# A REAL DIRTY JOKE~ Nissan style, *with pic* :)



## nvthis (Mar 17, 2012)

Who says Nisson doesn't have a sense of humor? Not me!

A head gasket swap turned into an almost entire engine tear down just because of this little do-hicky.. Why, oh why, couldn't they just stick a little lip or something on this thing to keep it from popping out??

Well, it won't let me put a pic on here for some reason, but it's in my album...

http://www.nissanforums.com/members...chain-picture86-2012-0325mar-25-20120001.html

Sure, now that I'm there I can laugh about it a little, but yesterday? lol... Ah jeeze.


----------



## nvthis (Mar 17, 2012)

Ok, I do have a question to ask, if anyone wants to help...

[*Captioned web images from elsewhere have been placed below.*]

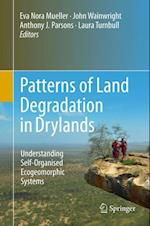 Patterns of Land Degradation in Drylands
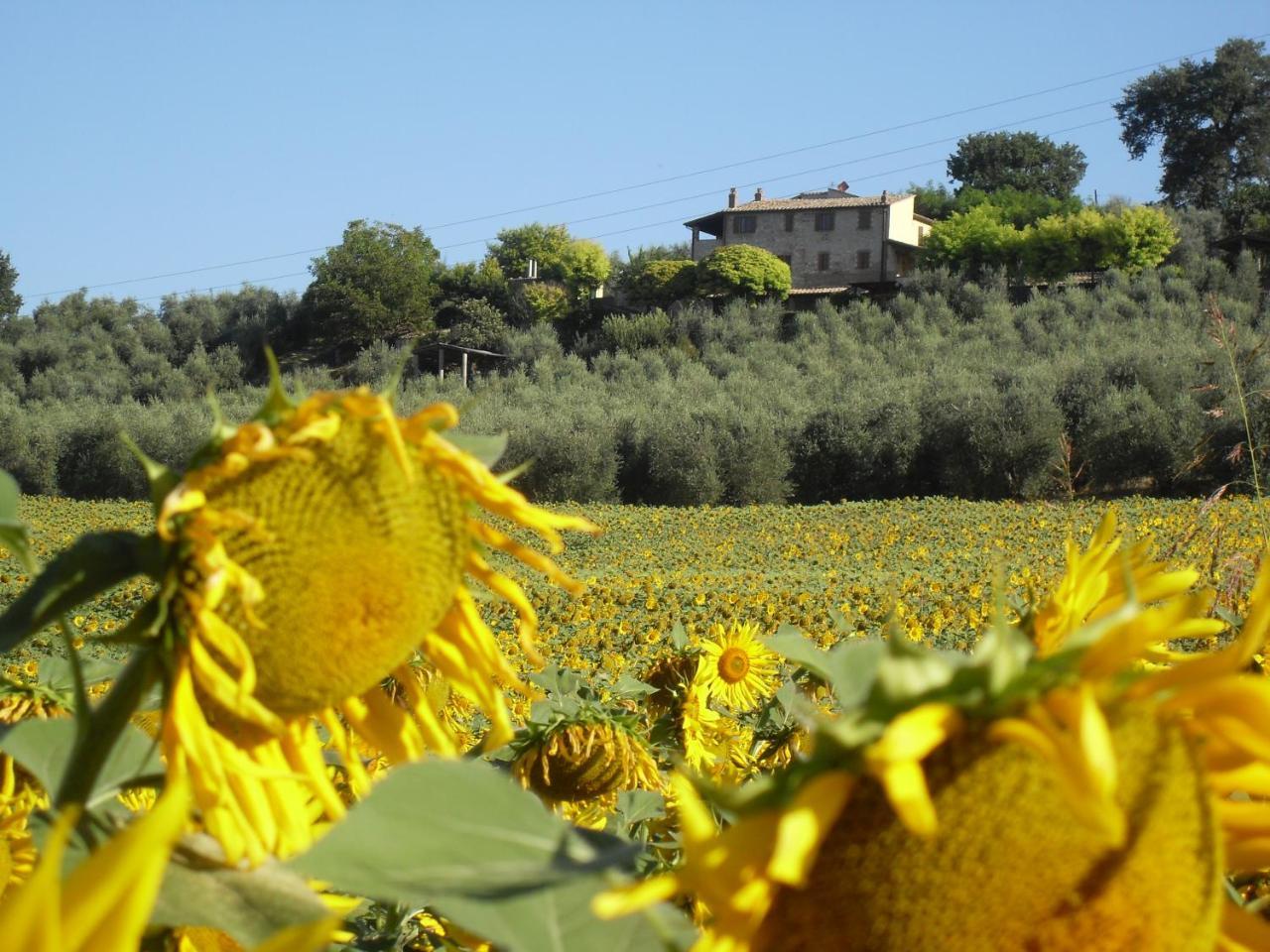 Agriturismo Oliveto Di Geltrude Contessa Apartment Amelia Exterior foto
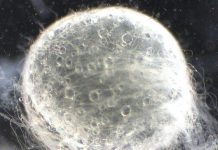 Study finds laboratory fish reproduction differs from natural environments Study finds laboratory fish reproduction differs from natural environments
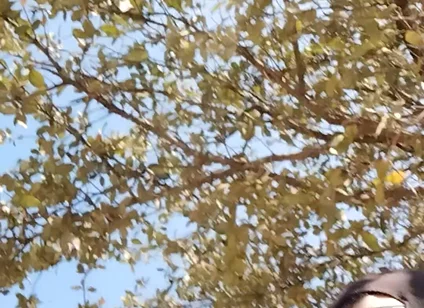 Me in the Park Alone Giving Pleasure to Till I Get Milk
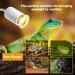 Buy Sunshine Smile Turtle Heat Lamp 25W & 50W - Ideal for Reptiles & Turtles - 2PCs Terrarium Lamp - Buy Online on GoSupps.com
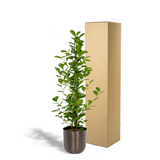 Ficus microcarpa Moclame - Ø21cm - ↕95cm + pot Mayk Lead Everspring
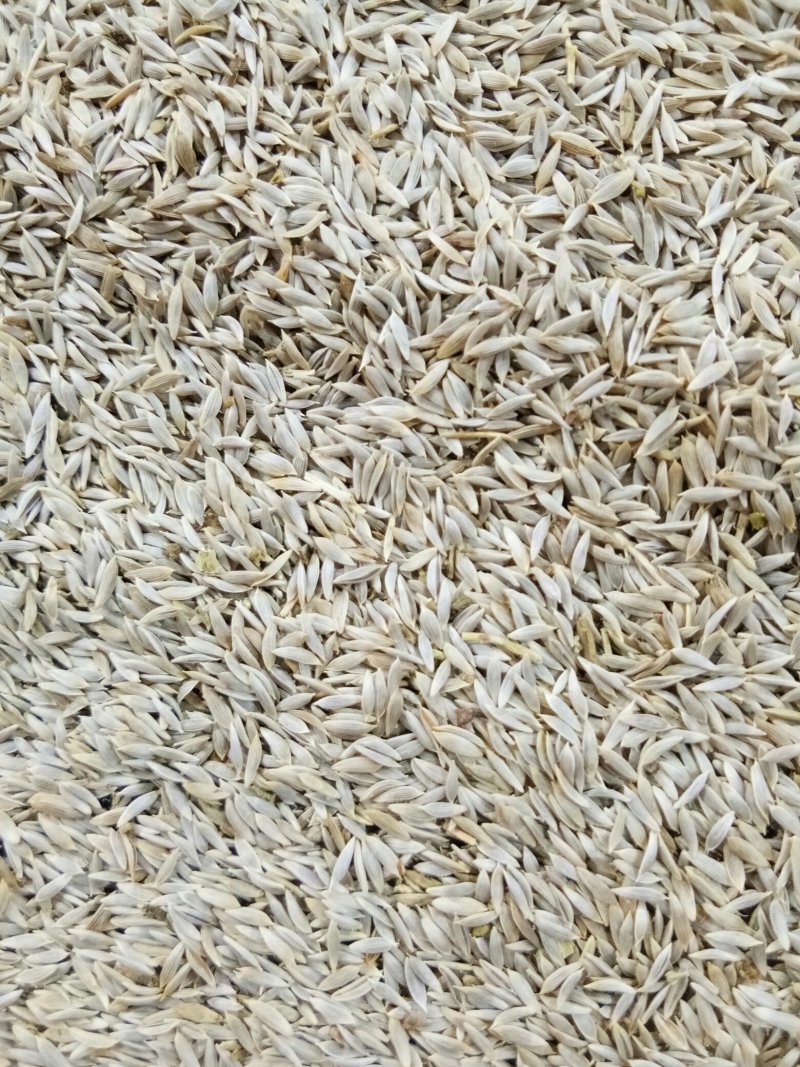 生菜籽（黑~白）无硫补钙高手配比黄瓜籽可打粉食用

When I got this thing apart everything lined up TDC except for the chain.. I was told not to sweat it as it takes something like 74.5 revolutions to match the exact position they have in the book (this being for an '85 z24). These pics show where my silver links are..

Nissan Forums: Nissan Forum - nvthis's Album: Timing chain - Picture

Nissan Forums: Nissan Forum - nvthis's Album: Timing chain - Picture

The crank lined up and the distributor lined up and this was the only position I could get the cam to line up.. Should I be concerned??? I figured at worst something wouldn't match up when the new head was put on (as it arrives TDC) but it came back in the exact same position as it left.. 

I suppose at the end of the day I don't know who all has been in this engine and what they may have done, so I thinki I am ok. I mean, it was running before, right? Thoughts?

Feel free to beat me down if need be.. I am not hugely experienced this far into the engine


----------



## SPEEDO (Jun 9, 2003)

they usually slip a wedge in there to keep the tensioner compressed


----------



## Grug (Aug 20, 2009)

Hey there. Welcome to the forum.

Well, as you've got the timing cover off, you may as well change the guides, sprockets and tensioner. The timing chain is the Achilles Heel of this truck. Who knows when you'll be into the belly of the beast again.

Have you read the sticky regarding timing chain overhaul on this site?

Here's another that might help.

How to replace the timing chain in a nissan truck

Good luck, man!


----------